Verilmiş emekleri heba edemeyiz. Bunca çaba ve çalışmayı silip atamayız. Bunaldım, bıktım, sıkıldım, yoruldum bahaneleriyle kendimizi sokaklara bırakıp toplum sağlığını riske atamayız. Virüs her an her insanımıza bulaşabilecektir. Kontrollü hayat bundan sonra yegane çözümdür. 

"KAZANIMLAR BOŞA ÇIKARSA TÜRKİYE UÇURUMA YUVARLANIR"

Sağlık Bakanlığımız gece demiyor, gündüz demiyor. Sağlık çalışanlarımız fedakarca, adanmış ve anıtlaşmış şekilde salgınına engel olmaya gayret ediyor. Kazanımlarımız boşa çıkarsa, aman sende denirse, Türkiye vahim bir uçuruma savrulacaktır. 

"FELAKETE DAVETİYE UZATMAKTAN FARKSIZ"

Alınan tedbirleri yok saymak, rehavete kapılmak hepimizi acıklı sonuçlara mahkûm edecektir. Maske takmak şarttır, sosyal mesafe elzemdir. Nasılsa her şey düzeliyor, salgın bitiyor acemiliği ve aceleciliğiyle davranış sergilemek felakete altın yaldızlı davetiye uzatmaktan farksızdır. 

"HASRETİNİ ÇEKTİĞİMİZ GÜNLER İÇİN ZAMANA İHTİYACIMIZ VAR"

Bilhassa yazılı ve görsel medya yanlış algılara, yalan haberlere, yanıltıcı görüşlere yer ve fırsat vermemelidir. En güçlü olduğumuz an, bir bakıma en zayıf olduğumuz andır. Salgının kökünü kazıyıp hasretini çektiğimiz günlere ulaşabilmek için zamana ihtiyacımız vardır. 

"BÜYÜK BİR VEBALDİR"

Virüsün tehlikelerini hesap etmeden, bulaşıcılık özelliğini ciddiye almadan toplumsal hayatın içine telaşla karışmak, çağrı ve uyarılara yüz çevirmek, bilinsin ki, büyük bir vebaldir. Bana bir şey olmaz diyenlere de, dilemeyiz ama, her an bir şey olması kaçınılmazdır. 

Evde kalmak, solunum cihazına bağlı olarak hastanede yatmaktan çok daha iyidir. Türk milleti nice saldırı ve suikastları göğüsledi, görünmez düşmanının salgınını da Allah’ın izniyle bertaraf edecektir. Bunun için bu zamana kadar ki şuurlu duruşunu korumalıdır. 

"ONLAR SADECE AVUÇLARINI YALACAYACAKLAR"

Salgından siyasi rant elde etmenin peşinde koşan defolu siyasetçilere itibar hezeyan ve hüsran verici akıbetlere kapı aralayacaktır.
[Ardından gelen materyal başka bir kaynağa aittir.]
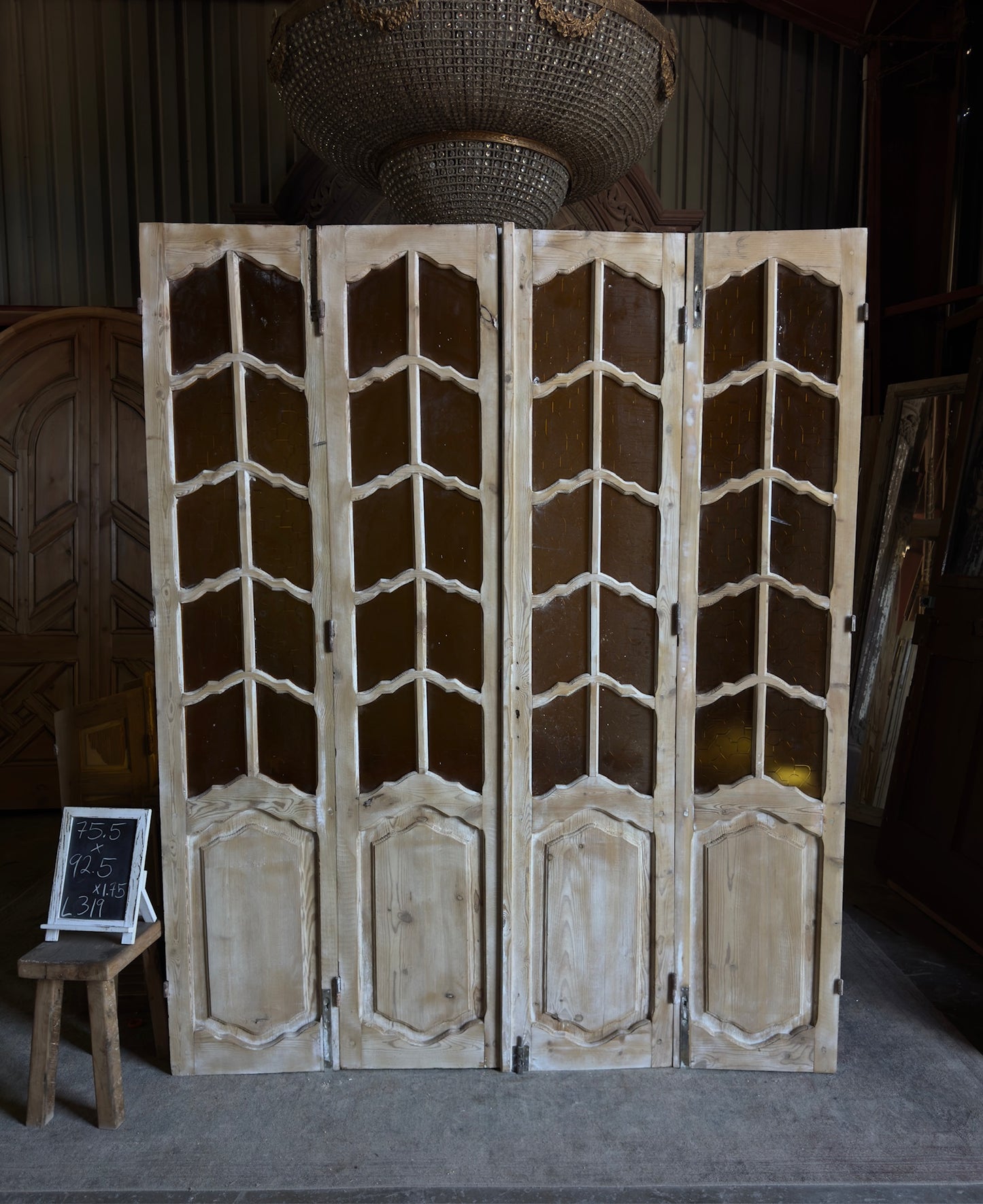 Antique French Provincial Glass Door Unit - 75.5x92.5 - L319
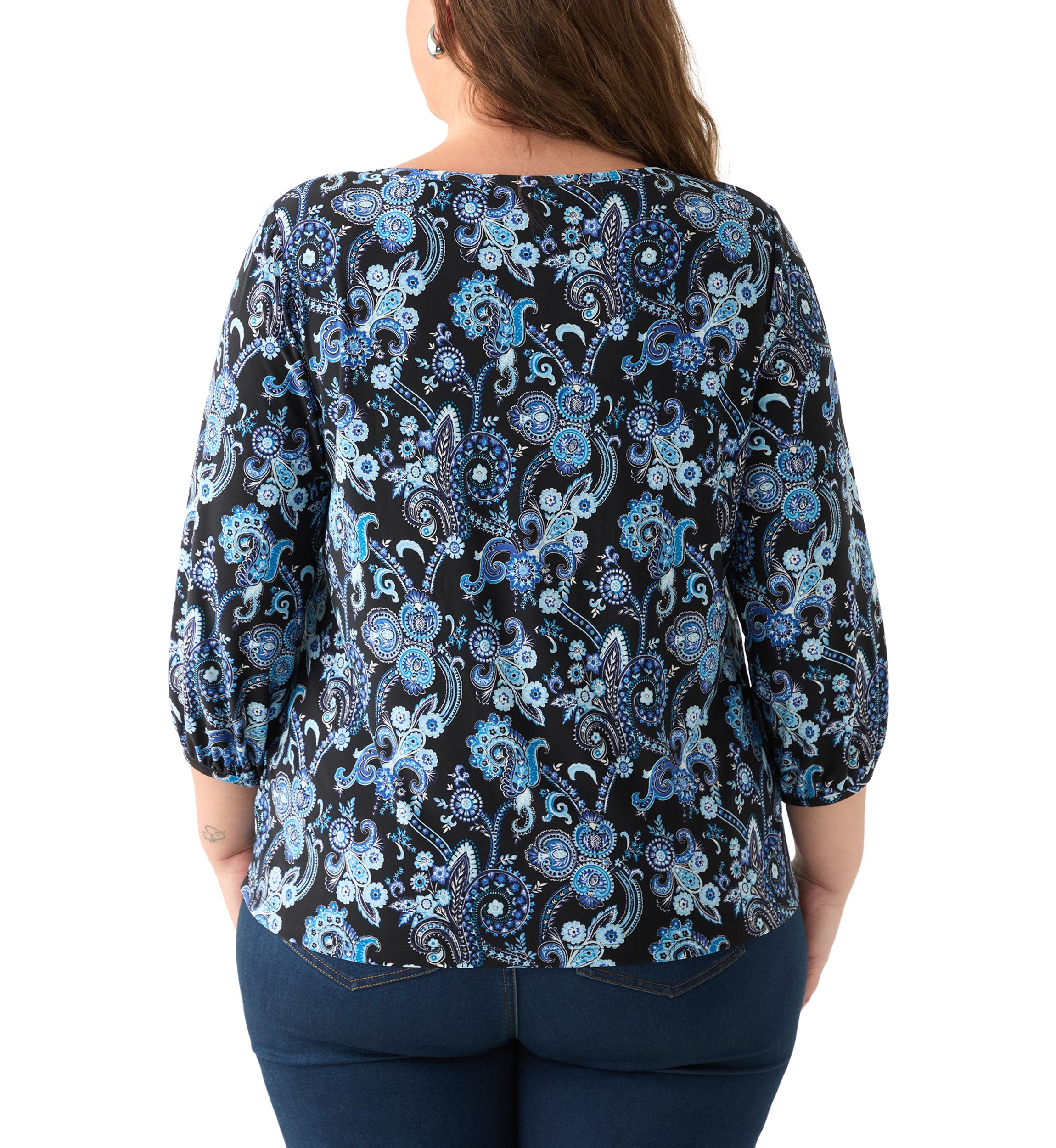 Plus Size Crew Neck 3/4 Sleeve Printed Top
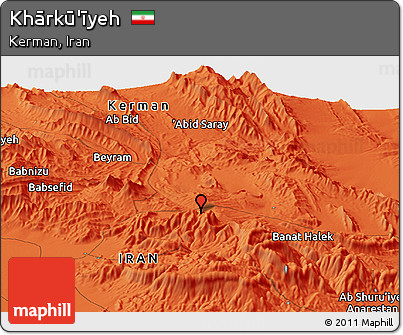 Political Panoramic Map of Khārkū'īyeh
Hastalıktan fayda uman, Türkiye’nin çöküşü ve toplumsal infiali için alavere dalavere içinde olanlar sadece avuçlarını yalayacaklardır. 

"CHP, VATANSIZ FESAT YUVALARINA KUCAK AÇIP GEL GEL YAPIYOR"

Türkiye bir felaketin kuşatmasını yarmak için adeta çırpınıyor. Milli dayanışma hayranlık uyandırıyor. Virüse karşı yüksek bir mücadele sergileniyor. CHP ise ekonomik tetikçilere, demokrasi düşmanlarına, küresel tefecilere, vatansız fesat yuvalarına kucak açıp gel gel yapıyor. 

"TÜRKİYE EKONOMİSİ DÖRT ŞİDDETLİ OPERASYONA MARUZ KALDI"

Türkiye ekonomisi yakın zamanda dört şiddetli operasyona maruz kaldı. Ağustos 2018, Mart 2019, Ekim 2019 ve 6 Mayıs 2020. Hafıza kayıtlarımızda mahfuzdur: 2000 ve 2001 krizlerinde hangi ayak oyunları, hangi karanlık senaryolar devreye alındıysa şimdilerde benzerleri uygulanmaktadır. 

"İNSAN DA BİRAZ EDEP OLUR, BİRAZ ERDEM OLUR"

IMF heyetiyle otel lobilerinde kulis yapanlar Türkiye ekonomisine atıp tutuyorlar. Çok başarılı bulduğumuz Sayın Berat Albayrak’a verip veriştiriyorlar! İnsan da biraz edep olur, biraz erdem olur, Kemal Derviş’in yardakçıları, devşirilmiş ucubeler Türk milletini kandıramazlar. 

"HİÇ KİMSE ÇÖKÜŞÜ HEVES ETMESİN, KURSAKLARINDA KALACAK"

Ülkemizi kurulan masalardan uzak tutmayı hedefleyenler, iştahlı şekilde vahşet menülerine almak için sıradadır. Türkiye’yi kötüleyenlerle, Londra merkezli ekonomik saldırganlar işbirliği halindedir. Hiç kimse çöküşü heves etmesin, çünkü kursaklarında kalacaktır. 

"FARELER GİDEBİLİR, AMA BİZ GİTMEYECEĞİZ"

Türkiye fırtınaya karşı bütün imkan ve iradesiyle direniyor. Karanlıkta ilerleyen gemide olay çıkarmak, ilk fırsatta da filikalara atlayıp kaçmak için hazırlık yapan odaklar hiç boş durmuyor. Bu gemi batarsa hepimiz suyun dibini boylarız. Fareler gidebilir, ama biz gitmeyeceğiz.

Pülümür’de dağa yazılan “Ne Mutlu Türküm Diyene” sözünden rahatsızlık duyanlar, Türk milletinin utanç vesikalarıdır. Bunlara kulak versek; zalimlere, hainlere, teröristlere, ekonomik şantajcılara, emperyalist oyunlara boyun bükmek, ne yapalım kaderimiz buymuş demek kaçınılmazdır. 

"CUMHUR İTTİFAKI HER ZORLUĞA, HER ZORBALIĞA KARŞI ÇIKACAK"

Türkiye geleceğin büyük ve güçlü ülkesidir. Yeni bir dünyanın kapılarını açacak anahtarlardan birisi de Türkiye Cumhuriyeti’nin elindedir. Türksüz dünya öksüz, Türksüz medeniyet ölümdür. Cumhur İttifakı her zorluğa, her zorbalığa inançla karşı çıkacak, karşı duracaktır.

Ekonomik kriz-sosyal çalkantı-siyasal bunalım-darbe mekaniği Türk milletinin ve Cumhur İttifakı’nın kutlu varlığıyla altüst edilmiş, oyun bozulmuştur. Kemal Kılıçdaroğlu ve yönetimi çuvallamış, kaybetmiştir. Çıkarcıların karşısında imanla çarpan kalpler ittifak halindedir.